What this task involves: From the line with "Troler voiaj Mediu, Naimeed" to the final line of the records, reproduce every line exactly and only those lines.
══════════
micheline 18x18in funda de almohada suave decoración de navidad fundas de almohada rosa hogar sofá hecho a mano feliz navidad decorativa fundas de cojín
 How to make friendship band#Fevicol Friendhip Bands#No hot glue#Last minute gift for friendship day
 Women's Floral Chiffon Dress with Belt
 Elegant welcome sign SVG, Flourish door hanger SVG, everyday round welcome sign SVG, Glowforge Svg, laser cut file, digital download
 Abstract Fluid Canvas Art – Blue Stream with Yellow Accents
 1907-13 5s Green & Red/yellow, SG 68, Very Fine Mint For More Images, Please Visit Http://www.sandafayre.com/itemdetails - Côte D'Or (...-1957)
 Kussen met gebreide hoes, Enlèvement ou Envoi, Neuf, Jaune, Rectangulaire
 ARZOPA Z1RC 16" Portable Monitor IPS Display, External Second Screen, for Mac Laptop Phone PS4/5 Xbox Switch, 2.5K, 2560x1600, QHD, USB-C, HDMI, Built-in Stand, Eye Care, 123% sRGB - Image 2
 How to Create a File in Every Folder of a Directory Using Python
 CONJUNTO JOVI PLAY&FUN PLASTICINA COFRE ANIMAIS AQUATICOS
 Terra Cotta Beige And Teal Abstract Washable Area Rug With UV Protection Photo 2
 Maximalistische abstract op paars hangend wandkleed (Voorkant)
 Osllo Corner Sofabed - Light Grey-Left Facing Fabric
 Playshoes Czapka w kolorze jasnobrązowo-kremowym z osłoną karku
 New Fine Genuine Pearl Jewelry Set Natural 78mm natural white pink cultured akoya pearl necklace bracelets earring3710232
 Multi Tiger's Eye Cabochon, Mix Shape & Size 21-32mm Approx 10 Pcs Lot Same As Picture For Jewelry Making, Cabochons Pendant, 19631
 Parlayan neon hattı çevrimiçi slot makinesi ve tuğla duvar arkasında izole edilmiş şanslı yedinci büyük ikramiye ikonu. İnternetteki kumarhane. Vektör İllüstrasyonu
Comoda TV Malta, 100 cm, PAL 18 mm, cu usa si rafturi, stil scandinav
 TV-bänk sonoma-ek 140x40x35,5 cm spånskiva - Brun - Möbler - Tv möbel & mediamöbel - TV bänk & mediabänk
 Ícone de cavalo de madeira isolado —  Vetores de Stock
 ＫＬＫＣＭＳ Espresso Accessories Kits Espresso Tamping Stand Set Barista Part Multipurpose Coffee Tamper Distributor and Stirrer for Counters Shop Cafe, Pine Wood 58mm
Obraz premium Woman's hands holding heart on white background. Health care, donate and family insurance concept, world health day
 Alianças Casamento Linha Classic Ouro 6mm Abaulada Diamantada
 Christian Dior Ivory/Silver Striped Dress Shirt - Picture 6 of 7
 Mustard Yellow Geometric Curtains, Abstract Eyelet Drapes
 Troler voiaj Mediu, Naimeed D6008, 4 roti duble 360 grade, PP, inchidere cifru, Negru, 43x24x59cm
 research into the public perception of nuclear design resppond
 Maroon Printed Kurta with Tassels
══════════
Expected answer:
 Troler voiaj Mediu, Naimeed D6008, 4 roti duble 360 grade, PP, inchidere cifru, Negru, 43x24x59cm
 research into the public perception of nuclear design resppond
 Maroon Printed Kurta with Tassels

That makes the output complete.